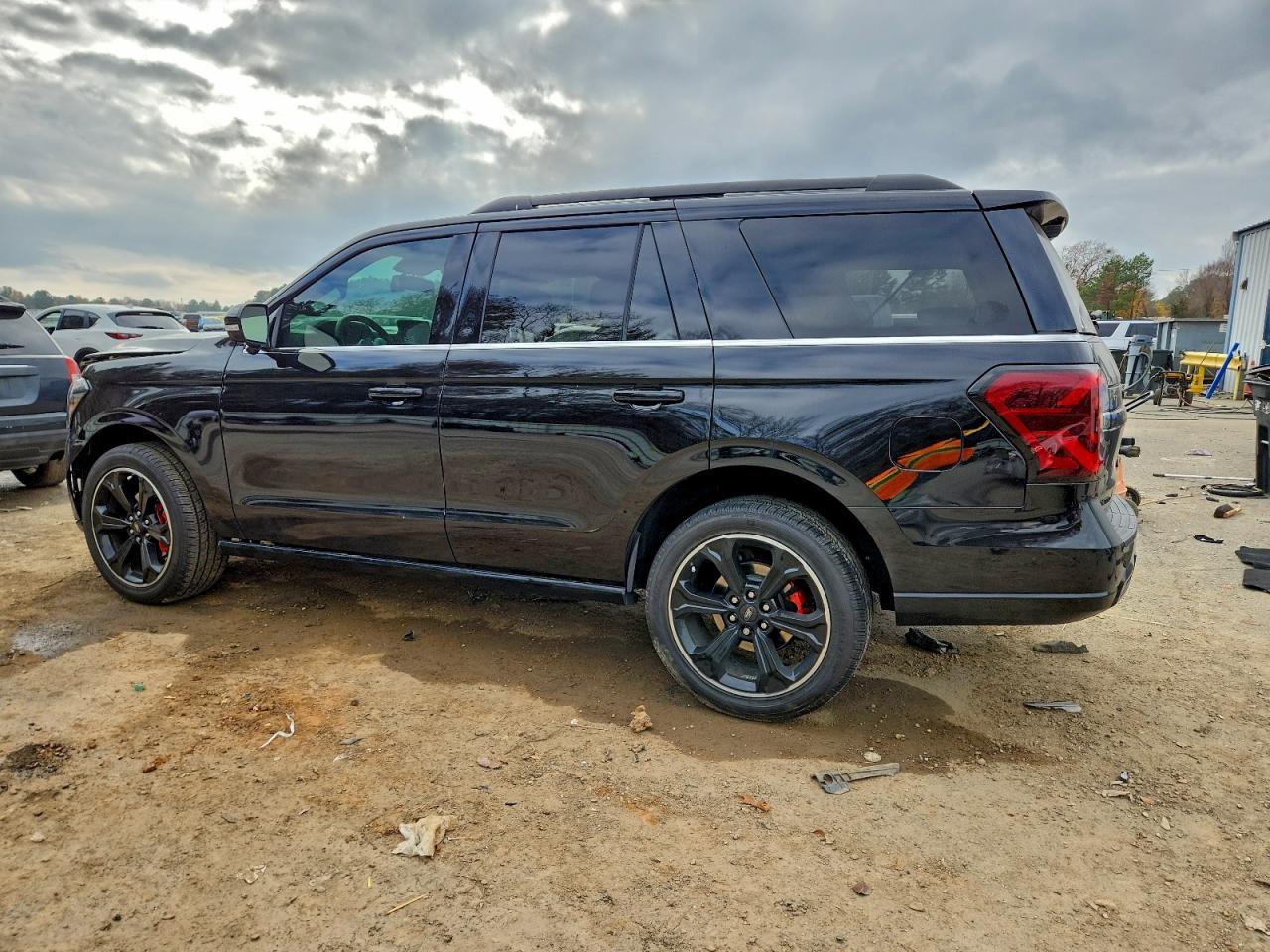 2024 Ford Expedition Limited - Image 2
-----
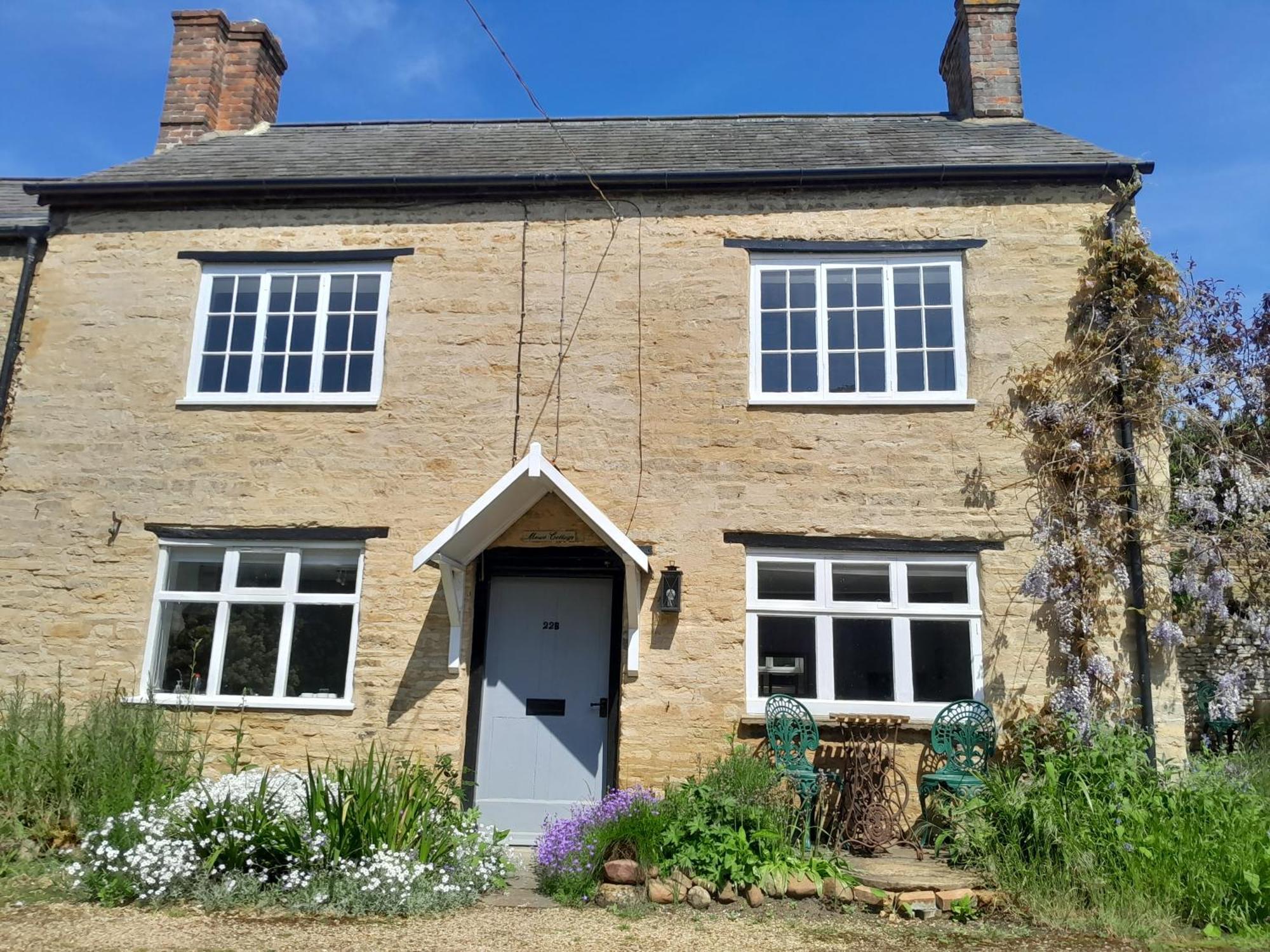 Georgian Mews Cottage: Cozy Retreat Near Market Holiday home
-----
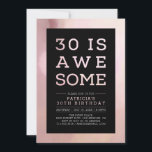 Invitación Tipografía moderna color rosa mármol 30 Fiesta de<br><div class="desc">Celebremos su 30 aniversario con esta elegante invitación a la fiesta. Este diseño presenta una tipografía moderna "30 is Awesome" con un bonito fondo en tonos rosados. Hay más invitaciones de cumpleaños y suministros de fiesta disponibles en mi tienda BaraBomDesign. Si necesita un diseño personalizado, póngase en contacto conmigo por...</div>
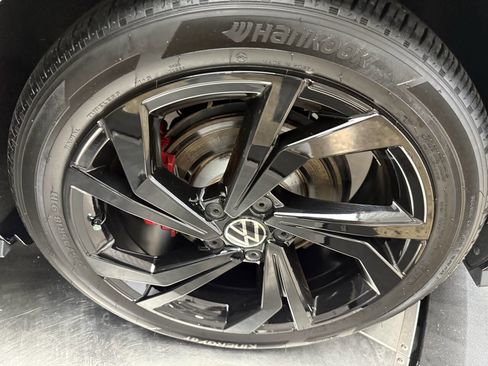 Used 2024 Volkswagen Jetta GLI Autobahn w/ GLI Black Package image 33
-----
To do:
After locating "Invitación Tipografía moderna" and "Used 2024 Volkswagen" in the records above, return exactly the line holding each one and every line between them; leave out the pictures.

Reply to the task:
 Invitación Tipografía moderna color rosa mármol 30 Fiesta de<br><div class="desc">Celebremos su 30 aniversario con esta elegante invitación a la fiesta. Este diseño presenta una tipografía moderna "30 is Awesome" con un bonito fondo en tonos rosados. Hay más invitaciones de cumpleaños y suministros de fiesta disponibles en mi tienda BaraBomDesign. Si necesita un diseño personalizado, póngase en contacto conmigo por...</div>
 Used 2024 Volkswagen Jetta GLI Autobahn w/ GLI Black Package image 33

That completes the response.